Appellant sued the Gulf, Colorado & Santa Eé Railway and the Galveston, Harrisburg & San Antonio Railway Company, for the value of a mare, which was shipped from Temple to Edna, Tex., and which, it was alleged, died from injuries received on the train. The suit originated in the justice’s court, where judgment was rendered in favor of appellant for $150. On appeal to the county court a jury trial was had resulting in a verdict and judgment in favor of appellees.

No objections were urged to the charge of the court or to special charges requested by appellees and given by the court, and the first and second assignments, which complain of the charges, must be overruled. In article 1971, Revised Statutes 1911, as amended by Acts 33d Leg. c. 59, § 3 (Vernon’s Sayles’ Ann. Civ. St. 1914, art. 1971), it is provided that the court shall submit its charge to the attorneys for inspection, and that any objections thereto must be presented to the court before the charge is read to the jury, and all objections not so made shall be considered as waived. In article 2061, as amended by Acts 33d Leg. e. 59, § 3 (Vernon’s Sayles’ Ann. Civ. St. 1914, art. 2061), it is reiterated that:

“The ruling of the court in the giving, refusing, or qualifying of instructions to the jury shall be regarded as approved unless excepted to as provided for in the foregoing articles.”

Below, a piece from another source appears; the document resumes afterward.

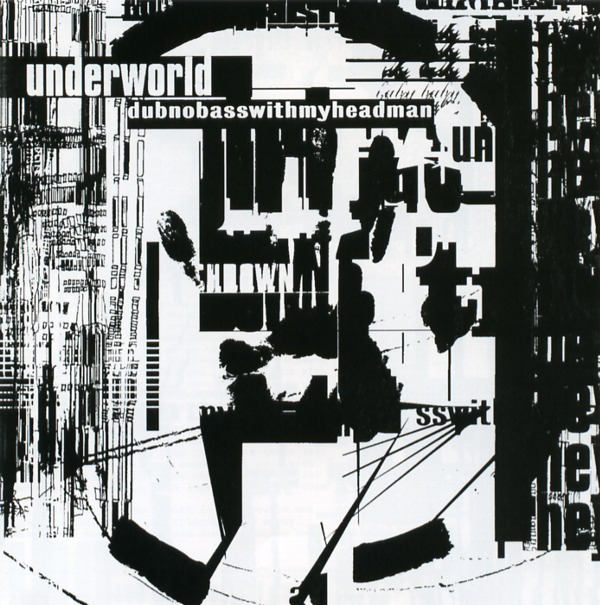 DUBNOBASSWITHMYHEADMAN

These articles have been considered and enforced in a number of decisions. Railway v. Dickey (Sup.) 187 S. W. 184; Cleburne Street Railway v. Barnes, 168 S. W. 991; Elser v. Putnam Co., 171 S. W. 1052; Railway v. Smith, 172 S. W. 750; Railway v. West, 174 S. W. 287; Modern Woodmen v. Yanowsky, 187 S. W. 728; Roberts v. Houston Motor Co., 188 S. W. 257. Objections to the charge in an amended motion for new trial, filed about two weeks after the trial, did not meet the demands of the statute.

The third and fourth assignments of error question the sufficiency of the evidence to sustain the vérdict, but cannot be sustained because appellant did not object to the presentation of the cause to the jury, making no objections to the charge, and making no request to charge the jury to return a verdict for appellant. We will say, however, that there was evidence that would sustain the verdict of the jury.

There is no error presented requiring a reversal, and the judgment is affirmed.